Let's have a look with examples

In [None]:
#defining a variable a 
a = 1
#showing evaluation of a
print(a)

Types are dynamics in python (like in Matlab) whereas in SAS where it is stuck to structured data manipulation so if you cannot allocate a value to a variable if format is different. 

In python, format change dynamically according to the last value affected to the variable

In [None]:
a = 1
print(type(a))

a = 1.0 
print(type(a))

#### The variable type in python

Python does not make difference between decimal, float or double whereas in SAS or Matlab. 
Numeric values are either `float` or `int`. 

When specific numbers or type are necessary, you usually have to use a library or explicitly call it.

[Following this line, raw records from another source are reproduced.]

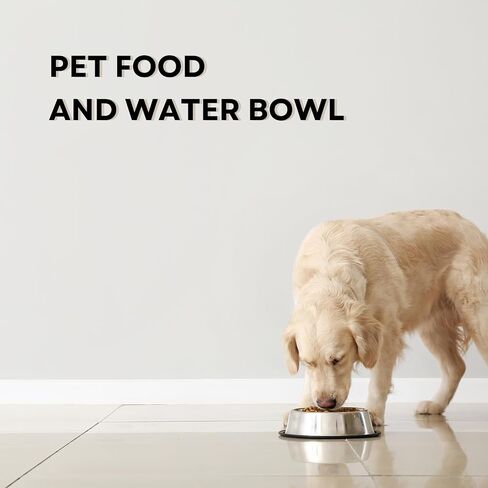 Stainless Steel Dog Bowl for Food & Water - Non Slip 32 Oz Pet Feeder - Feeding Dish Bowls with Removable Rubber Ring - Small, Medium, Large Breed Dogs and Multi Purpose Pets in Saudi Arabia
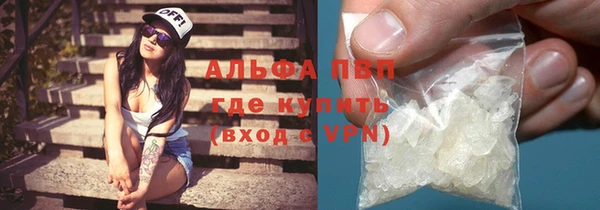 дживик Ельня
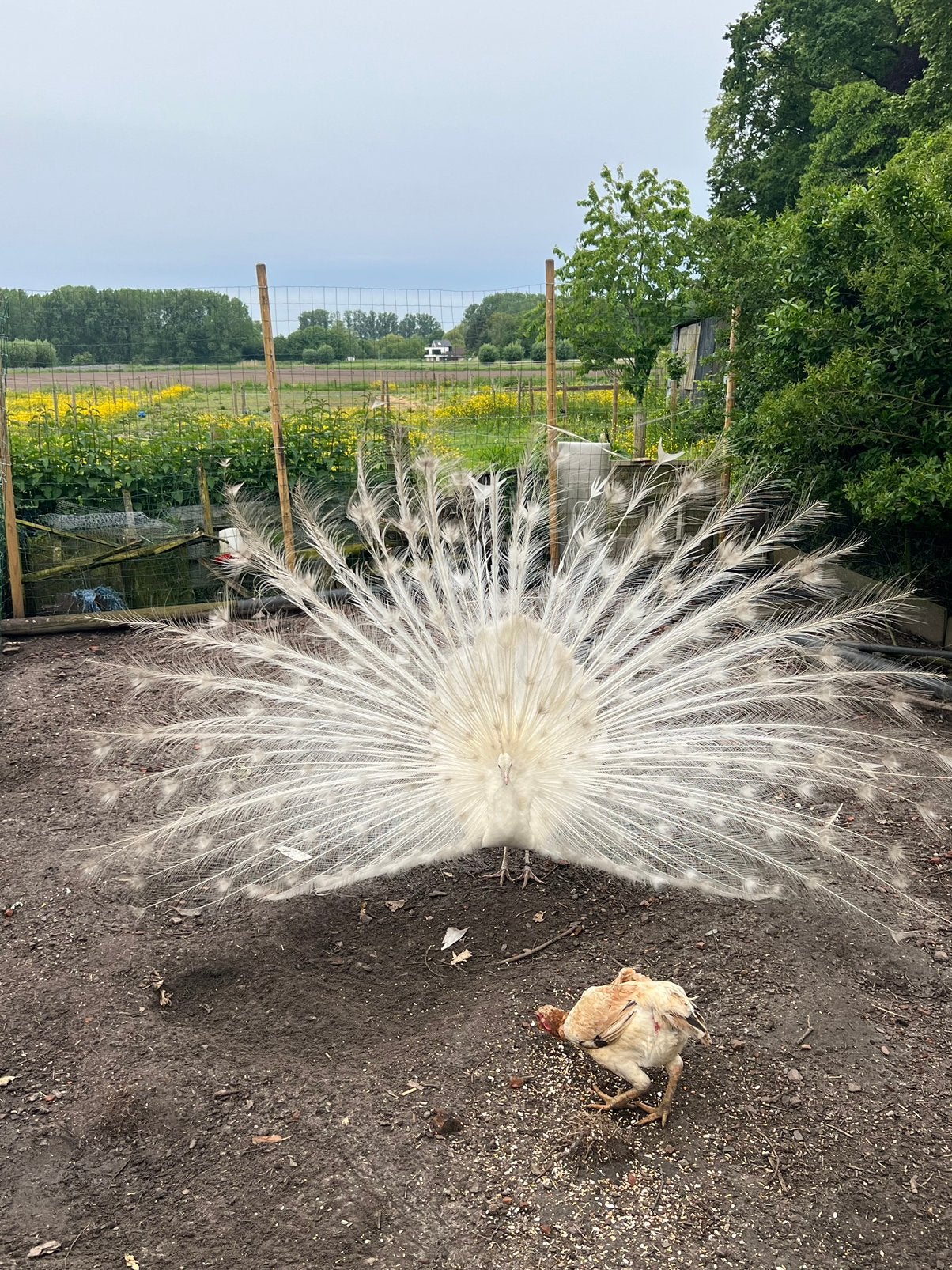 Witte pauw broedeieren, Dieren en Toebehoren, Geslacht onbekend, Overige soorten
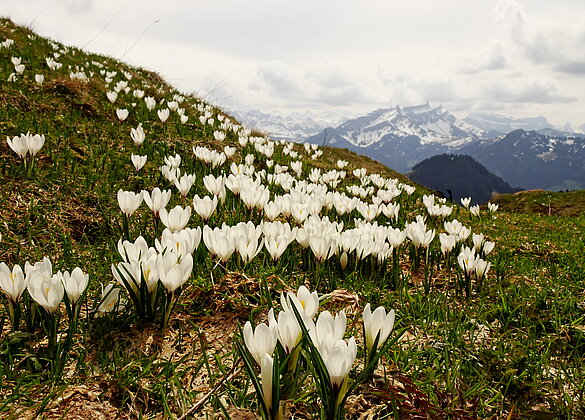 Bergfrühling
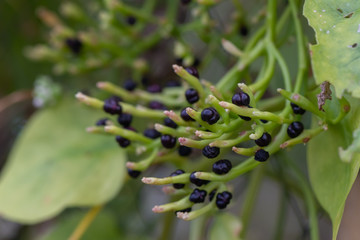 Calabash or Cucurbitaceae (Lagenaria Siceraria) in the garden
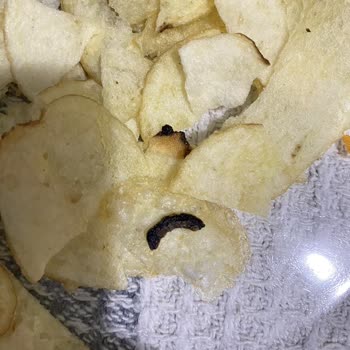 Cips Paketinde Kurt Şoku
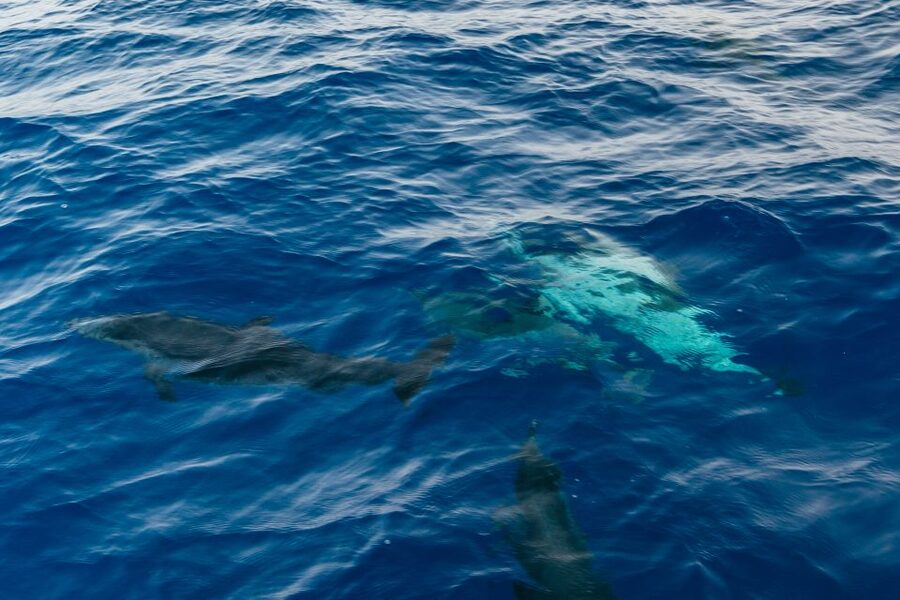Lanzarote: 2.5-Hour Sunset and Dolphins Cruise - Who will enjoy this cruise most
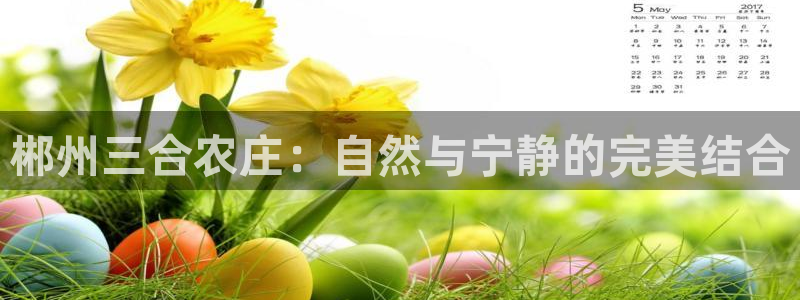 fh至尊平台黑吗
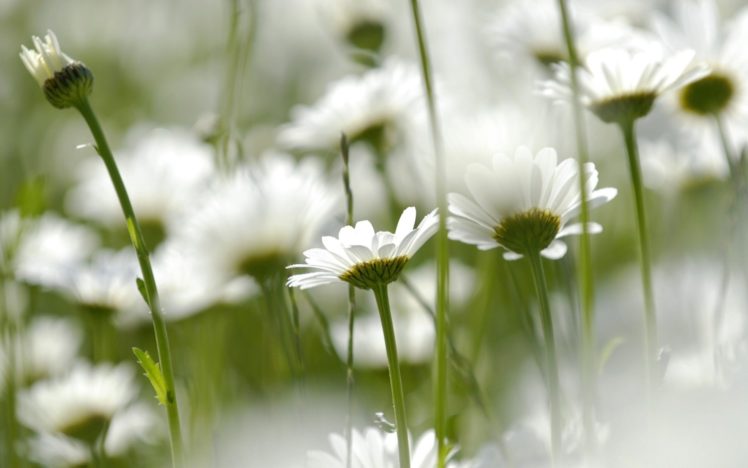 nature, Flowers, Daisy HD Wallpaper Desktop Background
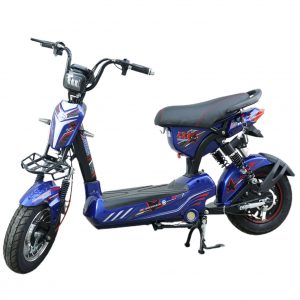133 promax 300x300 - Mẫu xe đạp điện gấp giá rẻ công nghệ hiện đại nhất hiện nay tại Việt Nam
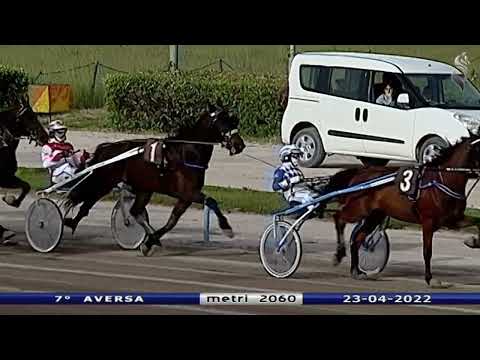 Aversa trotto 23 Aprile 2022 - 7° Corsa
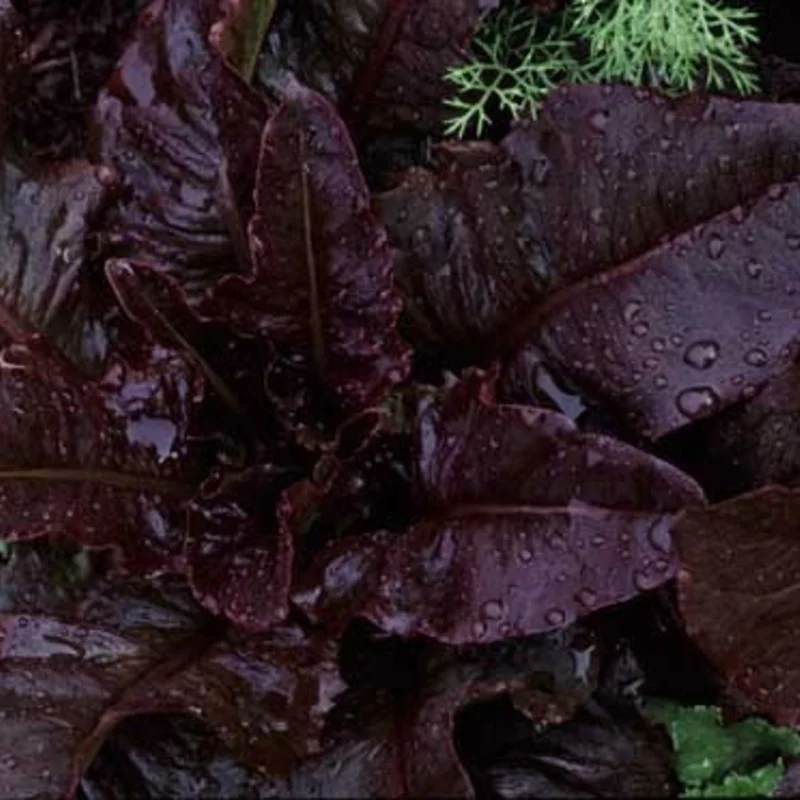 Lettuces - Really Red Deer Tongue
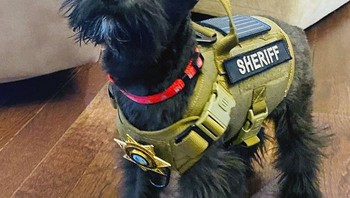 Apa pun kategori yang akan dilatih oleh pelatih untuk anak anjingnya, semua anjing yang bekerja harus melalui pelatihan kepatuhan pemula. Foto: Boredpanda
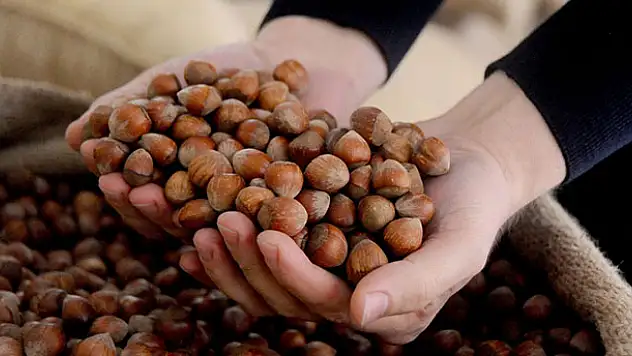 AB ülkelerine 357 ton 930 kilo fındık ihraç edildi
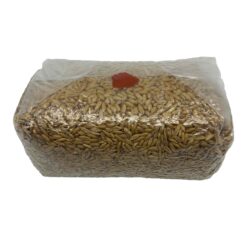 3Amigos Magic Mushroom Sterile Grain Bag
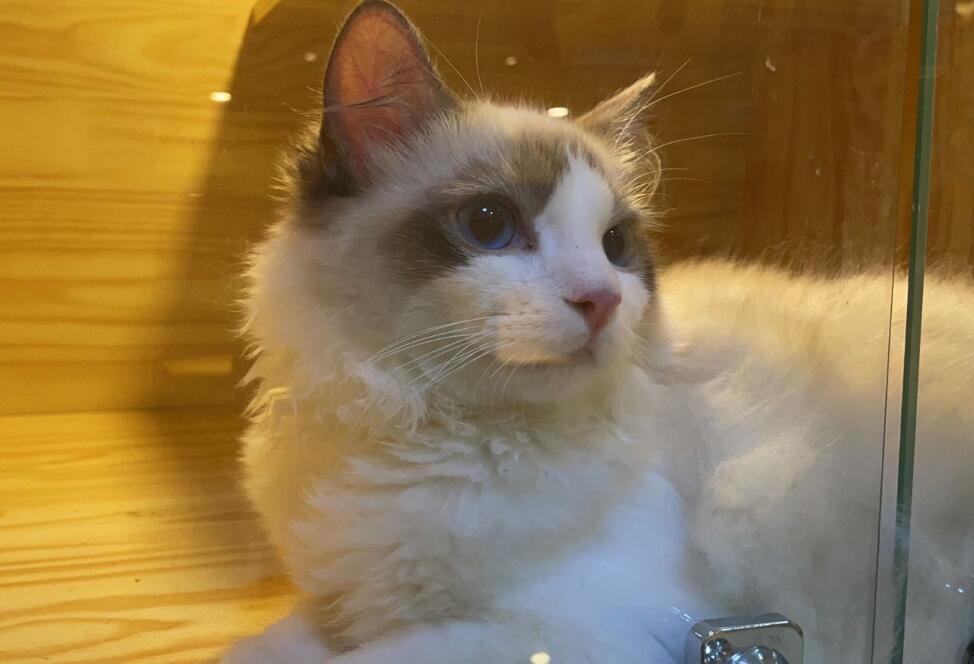 小猫来了猫舍可以进去看吗 小猫来了猫舍可以进去看吗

For instance to manipulate complex numbers, `cmath` library has to be used and explicitly defined with the `complex` function.

In [None]:
#illustration
import math #import of a library to call Pi value.
print(type(3.14)) #double or decimal expected in other language
print(type(math.pi)) #float 
print(type(1))
print(type(complex(1,2)))

The difference between interger and floating values is quite important in python (especially in 2.X version). For instance, when you operate a division of two numbers, if both of them or integers, it will compute euclidian division. 

In [None]:
#euclidian division 
a = 1
b = 10
print(a/b)

In the former operation 0.1 was expected. As mentioned previously, python (2.X) computes euclidian division when numerator AND denominator are integer.
To get the expected division, several tricks can be used to get the proper results.

Note that in python 3.X versions you don't need to care about that anymore. Float division is always computed by default.

In [None]:
# real division
a = 1
b = 10
print((a+0.0)/b)
print(float(a)/b)

More generally speaking, Python does have few elementary types you can use without loading a specific library: 

* integer: `a = 1` 
* float: `a = 1.0`
* string: `a="hello"`
* list: `a = [ 1, 2, 3]`
* tuple: `a = ( 0, 1, 2)`
* dictionary: `a={ 'k1':1, 'k2':2 }`

In python, every element is an object. That means that you can easily find functions (methods) you can apply on them by following the syntax and using auto completion. In other words, when you have an object, you can for instance start by writing the object name followed by '.' then press TAB. You should see a list a methods poping.

In [None]:
#let's try it
a = 1.0
#a.

###  Dictonary, tuples and list

Whereas in Matlab, python is not a matricial language by default. We will see later how to manipulate matrix in python. However, python has different objects to store information. At the first glance they look pretty similar. Let see how to use them

#### List

This is similar to an array. Each element is stored in the order and can be called by their index.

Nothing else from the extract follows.